Le procureur militaire Ümit Kardas prône, lui, le démantèlement complet de la Constitution de 1982. Ce texte est pour lui un « instrument qui n’est pas réparable », son préambule renvoyant à une époque révolue où l’armée définissait la nation à sa convenance. Sa position se fonde sur son expérience : en tant que juge militaire, il a, après le putsch de 1980, vécu au plus près la répression contre la population kurde, et a démissionné de ses fonctions. M. Kardas soutient le principe d’une laïcité sur le modèle de certains pays européens. Il veut supprimer complètement l’administration des affaires religieuses, la DIB, et par là même le contrôle de l’Etat sur les religions. Celles-ci ne seraient plus financées par l’impôt, mais uniquement par les dons et par des fondations qui devraient pouvoir exercer leurs activités hors du contrôle de l’Etat.
Les idéaux constitutionnalistes de M. Kardas donnent une sorte d’empreinte « en creux » d’une Loi fondamentale que l’on pourrait nommer « postkémaliste ». Une Constitution où les libertés individuelles et les droits civiques ne seraient plus limités par référence à une définition autoritaire de l’Etat. Il veut aussi affaiblir l’influence disciplinaire de l’armée sur la société civile, par le droit à l’objection de conscience et par la création d’un service civil de remplacement. Il va jusqu’à rêver d’une armée et d’une police qui repenseraient leur formation selon des principes démocratiques et citoyens, et n’auraient plus à fonctionner comme « les deux poings de l’Etat » servant d’abord à tenir les citoyens.
M. Kardas ne voit guère l’AKP reprendre telles quelles des idées aussi radicales. Il se demande même si l’attitude défensive de ce parti ne relève pas d’une tactique de précaution envers le bloc kémaliste, voire de penchants autoritaires que M. Erdogan a déjà laissé entrevoir à plusieurs reprises. Par exemple lorsqu’il porta plainte pour diffamation contre des caricaturistes qui, en prenant pour cible les faiblesses du premier ministre, n’avaient pourtant fait qu’exercer leur métier.

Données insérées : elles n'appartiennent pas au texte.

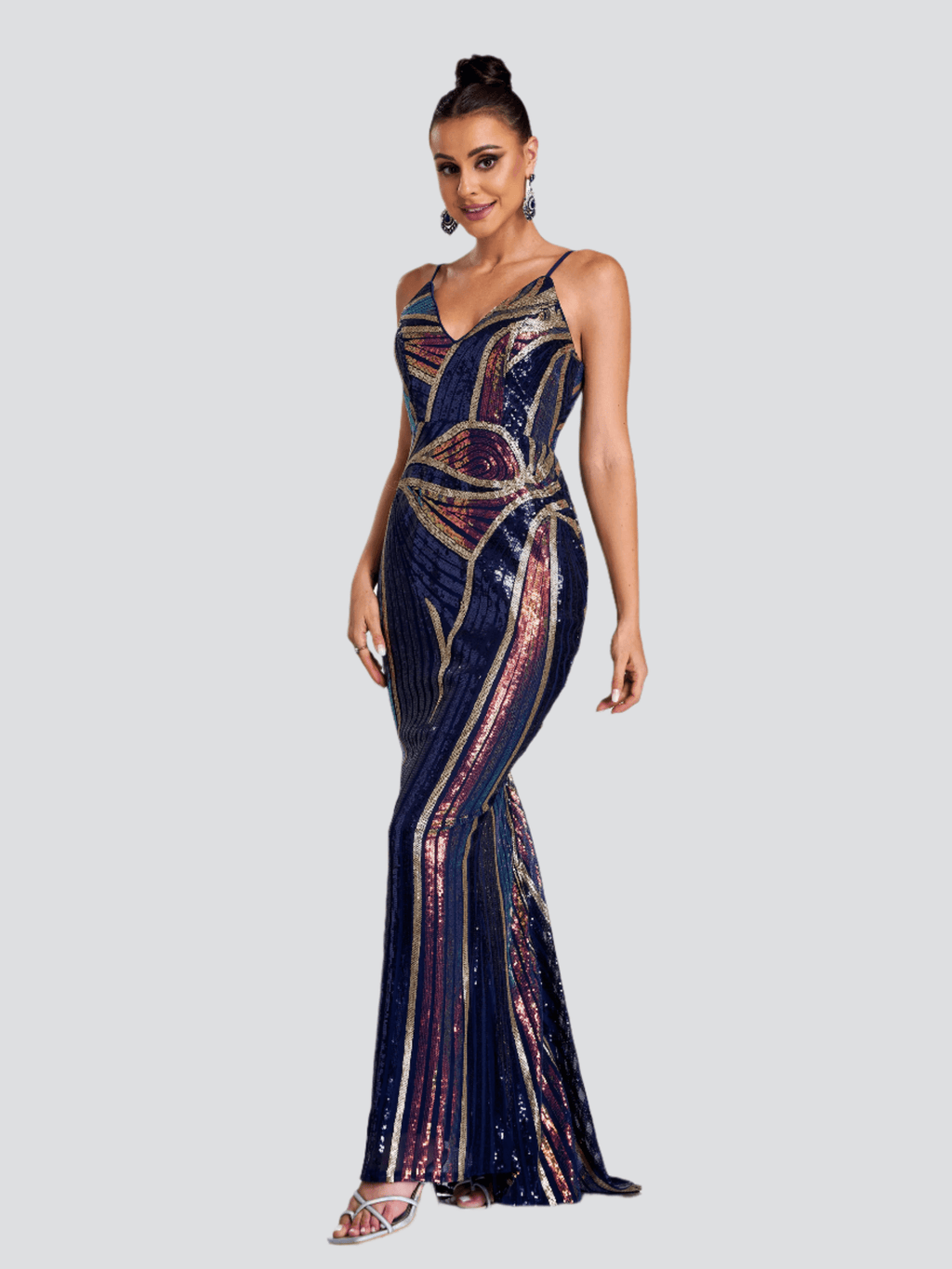Sexy Spaghetti Sequin Prom Maxi Dress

Si l’on demande à des démocrates sincères comme M. Kardas quelles sont les forces politiques qui peuvent faire passer une Constitution postkémaliste, on s’attire des haussements d’épaule résignés. Oui, bien sûr, une gauche indépendante, postkémaliste, est nécessaire, mais nulle par on ne la voit apparaître. Lors des élections de l’été 2007, on avait pu espérer que certains sièges seraient conquis par des candidats se présentant sous l’étiquette « indépendants ». Mais le candidat indépendant n’est même pas parvenu à s’imposer dans la libérale Istanbul.

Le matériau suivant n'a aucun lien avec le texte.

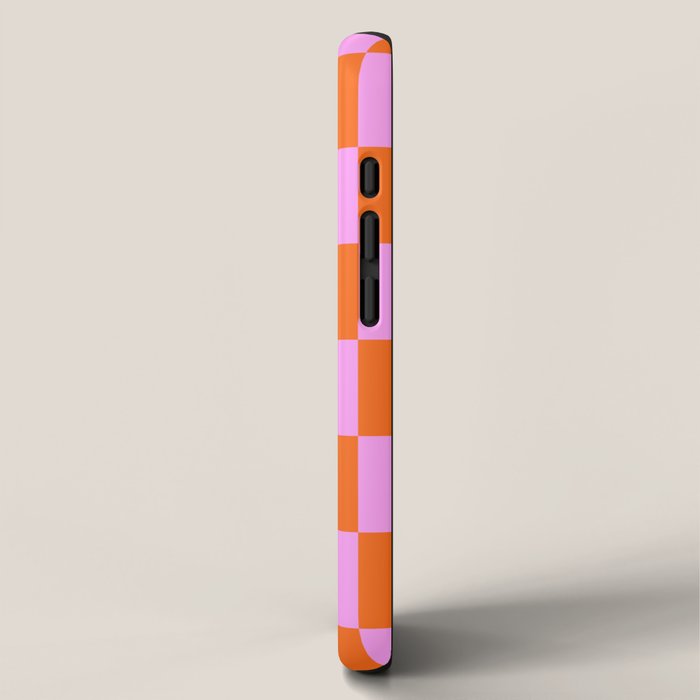 Checkerboard Retro Check Geometric Checked Pattern in Bright Orange and Pink iPhone Case Gallery Image 2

Les problèmes sociaux et les conflits politiques qui devraient normalement permettre à un parti de gauche d’avoir le vent en poupe sont plus exacerbés que jamais. L’AKP mène avec constance une politique économique néolibérale. Le fossé entre pauvres et riches se creuse. Les avancées d’une politique sociale digne de ce nom sont sporadiques. Les petites gens sont souvent lourdement endettés. Et la stabilité économique à laquelle M. Erdogan doit sa victoire électorale repose sur un afflux constant de capitaux étrangers. Pourtant, personne à gauche ne se risquerait à appeler de ses vœux une crise économique : avec une population chauffée à blanc par la « crise kurde », seul le Parti d’action nationaliste (MHP) d’extrême droite en sortirait à son avantage.